Last Friday, I reported that Israel’s Maccabi HMO said they were seeing about 60% efficacy for older Pfizer vaccine recipients 21 days after their first dose (compared to another Israeli HMO, Clalit, reporting 33% efficacy between 14 and 17 days after the first dose). Now Maccabi reports 92% efficacy 7+ days after the second dose (usually 28+ days after first dose) in a big sample size.

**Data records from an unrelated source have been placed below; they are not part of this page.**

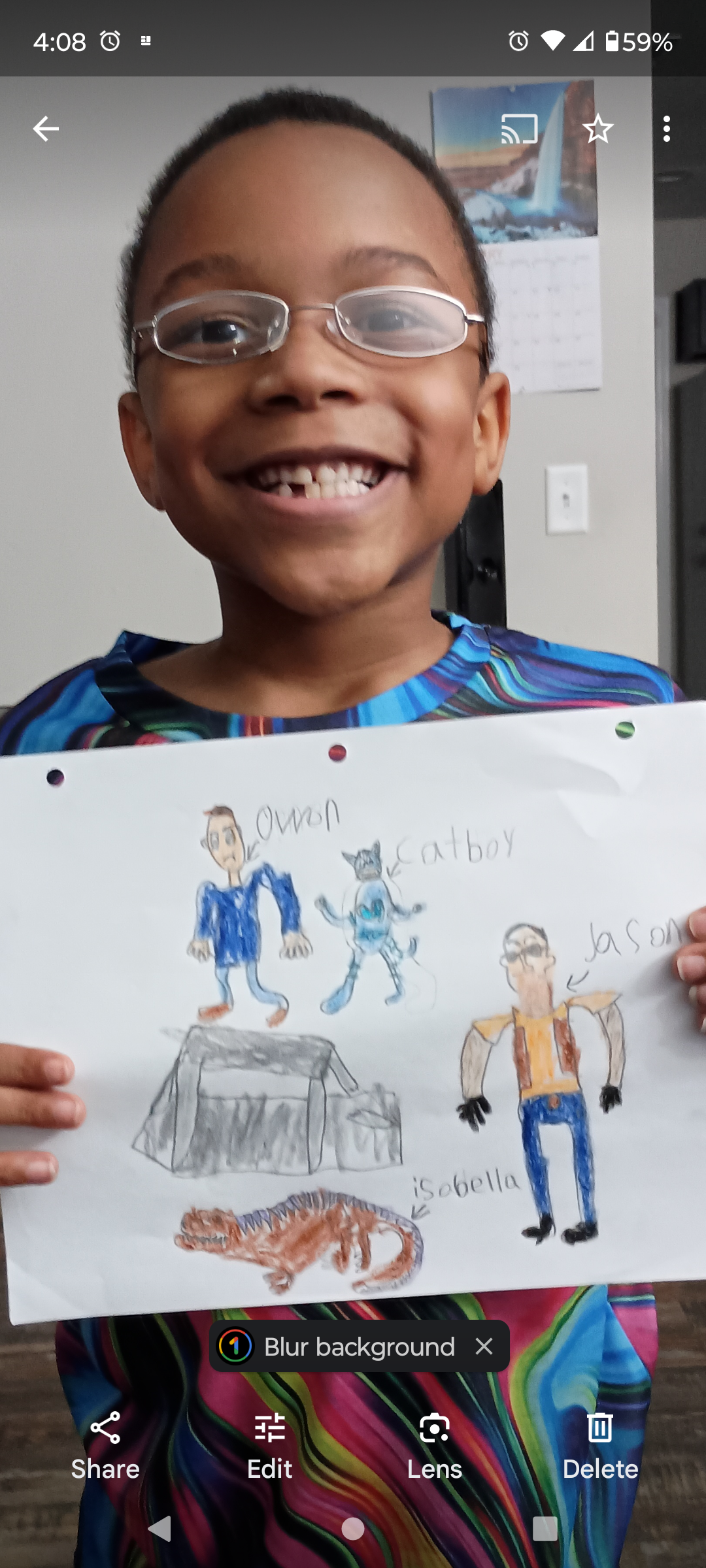 Owen, Catboy, Jason & Isabella the T-Rex Thumbnail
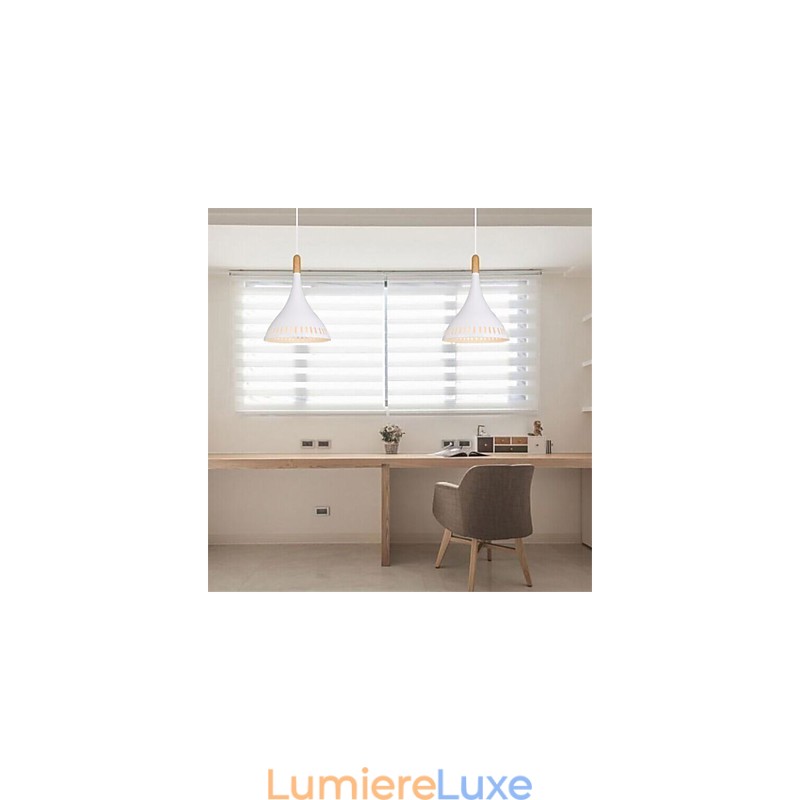 Lampes suspendues rétro pour café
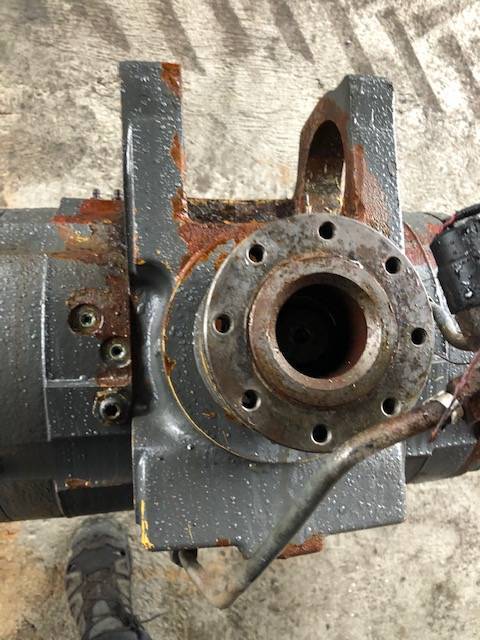 Eje y piezas para Manipulador telescópico Claas Targo - Carraro 26.25M [CZĘŚCI]: foto 11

Pfizer claimed 95% efficacy in its clinical trial, but real world efficacy sometimes doesn’t live up to clinical trials. So 92% in the early stage after the second dose is pretty good.

From The Times of Israel:

‘VERY, VERY GOOD NEWS,’ IN THE FIRST SUCH STUDY IN THE WORLD
Vaccine found 92% effective in Israel, in first controlled result outside trials

Only 31 out of 163,000 fully vaccinated Maccabi members caught virus, indicating Pfizer shots living up to expectations; expert: Results ‘well within expected standard deviation’
By NATHAN JEFFAY
Today, 1:56 pm 15

Pfizer’s coronavirus vaccine is showing 92 percent effectiveness in Israel, according to the world’s first big controlled investigation on how it works outside of clinical tests.

Only 31 out of 163,000 Israelis vaccinated by Maccabi Healthcare Services were diagnosed with COVID-19 in their first 10 days of full-strength protection, its top vaccine statistics analyst, Anat Ekka Zohar, told The Times of Israel on Thursday.

Maccabi found that an equivalent sample of unvaccinated Israelis was 11 times more likely to be diagnosed with the coronavirus, which allowed it to calculate the effectiveness rate.

“This is very, very good news,” Ekka Zohar said. “It is the first study in the world that looks at such a large number of fully vaccinated patients.”

Pfizer achieved 95% efficacy in clinical trials, and doctors worldwide are looking to Israel with bated breath to see whether the vaccine comes close to that figure in real-world use.

Maccabi figures released earlier this week indicated that vaccination is working very well, but lacked a control group that made it hard to extract an accurate effectiveness rate.

Now, Maccabi has analyzed a control group of Israelis with similar age and health profiles of vaccinees, composed entirely of people haven’t been infected or received shots.

This allowed Maccabi to calculate its real-world effectiveness rate. It used complex calculations, similar to those used by Pfizer in trials, to compare vaccines and the control group and determine the extent to which the vaccine appears to be preventing infection.

“This is very exciting,” said Ekka Zohar. “It’s a very high level of effectiveness and we are seeing a very low percentage of coronavirus among the patients who have taken both shots.”

Full protection is believed to kick in a week after the second shot, so Maccabi’s data covers all of its members who are between seven and 16 days after receiving it.

Israel’s vaccination program has been so extensive, with them giving out doses equal in number to half the population of Israel (but not of the Occupied Territories),

that next week we ought to be able to see clear impacts on the total national numbers, such as a falloff in the share of cases and perhaps hospitalizations among Israel’s older population. Quasi-experiments like Maccabi’s with control groups are great, but eventually the efficacy of Israeli-scale vaccinations will have to show up at the national scale or something unknown is very wrong.

New cases in Israel have been mostly falling over the last week, but then they are falling in lots of other places as well, such as California, where vaccinations have been running at a rate an order of magnitude less than in Israel.